Preakness horseplay


Everyone who goes to Preakness comes back with one or two crazy stories.

Most of them are R-rated, and few actually mention the race itself. For most of the crowd, Preakness is a massive, glorified frat party on steroids. And after Saturday's celebration, another round of outrageous tales will come to life.

Gates open at 8 a.m., but the parking-spot search starts hours before. Neighborhood residents hawk spots on their lawns and driveways, with the houses closest to Pimlico charging the highest prices. People usually end up a good distance from the racetrack and pay locals to haul their food and beer coolers in dollies and shopping carts.

At 8 a.m. (the big race doesn't start until 6 p.m.), people flood through a tunnel onto the infield, claim a patch of grass and set up camp.

"It's like the running of the bulls when they open those gates, and they run under the tunnel and up into the infield to get their spots," said Pimlico spokesman Mike Gathagan.

Then, the debauchery begins. There are 13 races throughout the day, but some people will miss them all.

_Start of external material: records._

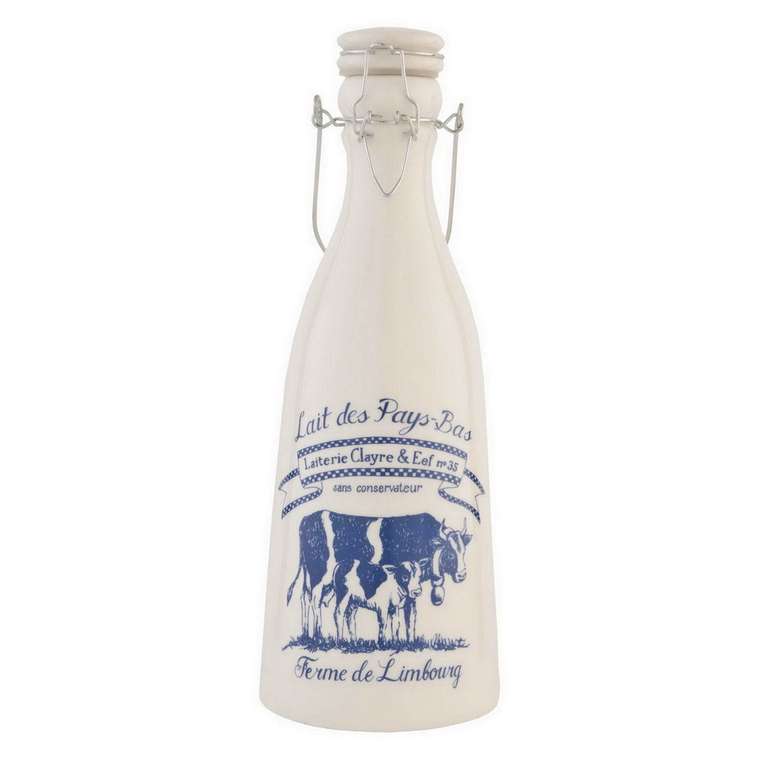 Большая бутылка для молока с коровой  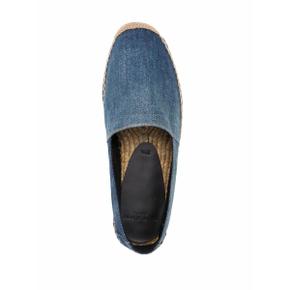 Espadrille Saint Laurent Flat shoes Blue Blue 67616228Z004110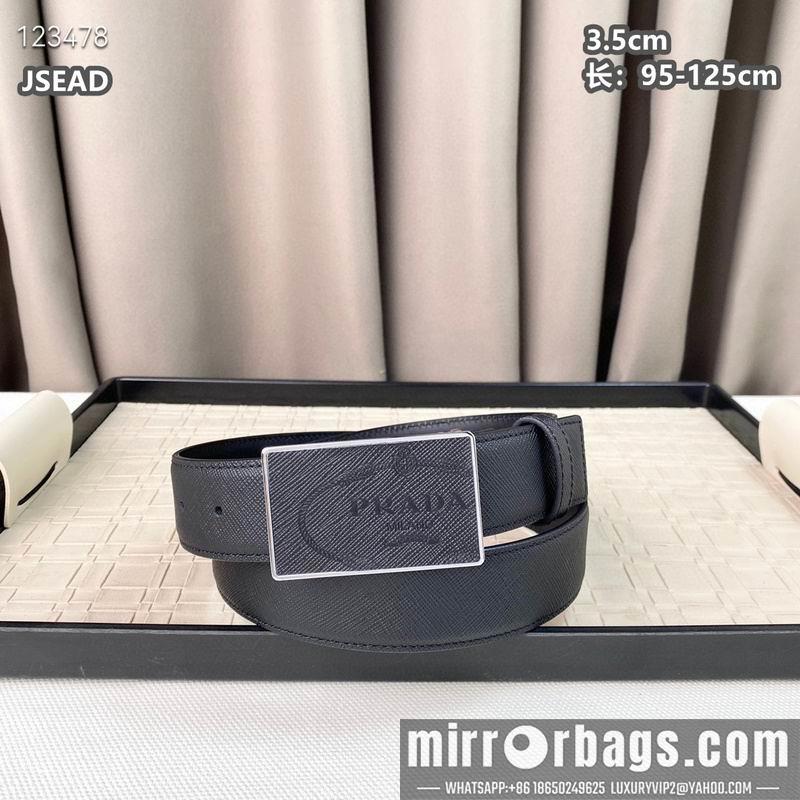 Replica Prada belt 35mmX95-125cm 8L33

Others muscle their way up near the track and catch five seconds of the two-minute race as the horses thunder past their section of infield fence.

"They're flying by," said 21-year-old Mike Mulhern, a College Park resident. Saturday will be his fourth Preakness. "You don't even realize how fast they're going."

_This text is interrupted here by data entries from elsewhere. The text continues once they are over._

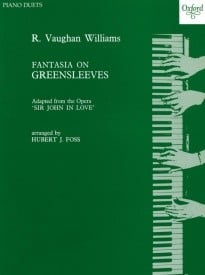 Vaughan-Williams: Fantasia on Greensleeves for Piano Duet published by OUP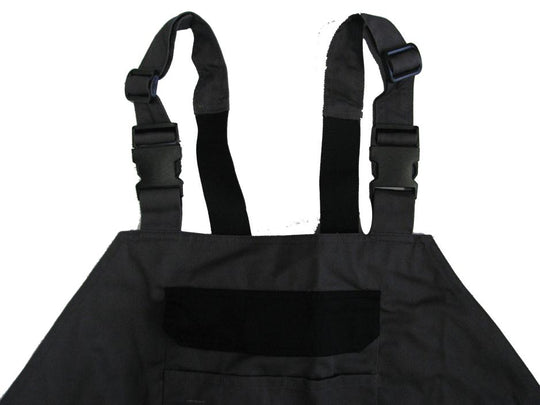 Schwarze Berufs-Latzhose von BigTiger mit verstellbaren Trägern Arbeitslatzhose Übergröße Herren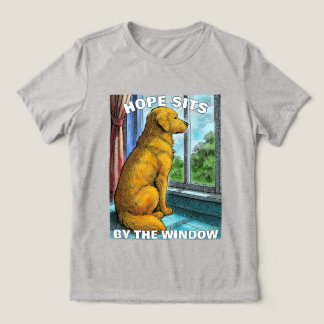 golden retriever Tri-Blend shirt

David Floyd, 29-year-old United Kingdom native who lives in Baltimore, went for the first time last year and was shocked.

"I thought it would be slightly upscale," Floyd said. "I've seen horse races in Britain. We went and got a picnic - roast chicken and nice wine and nice beers and stuff - and it was utter carnage. Everyone was confused about why we got nice beers instead of Miller Lite."

Floyd and his friends joined an infield mass of about 90,000 people - a total of more than 115,000 if you include the grandstand and other seats.

Fans have different reasons for forking over more than $40 for infield access, but here's one that keeps coming up: Preakness is one of those things you have to do at least once in your life.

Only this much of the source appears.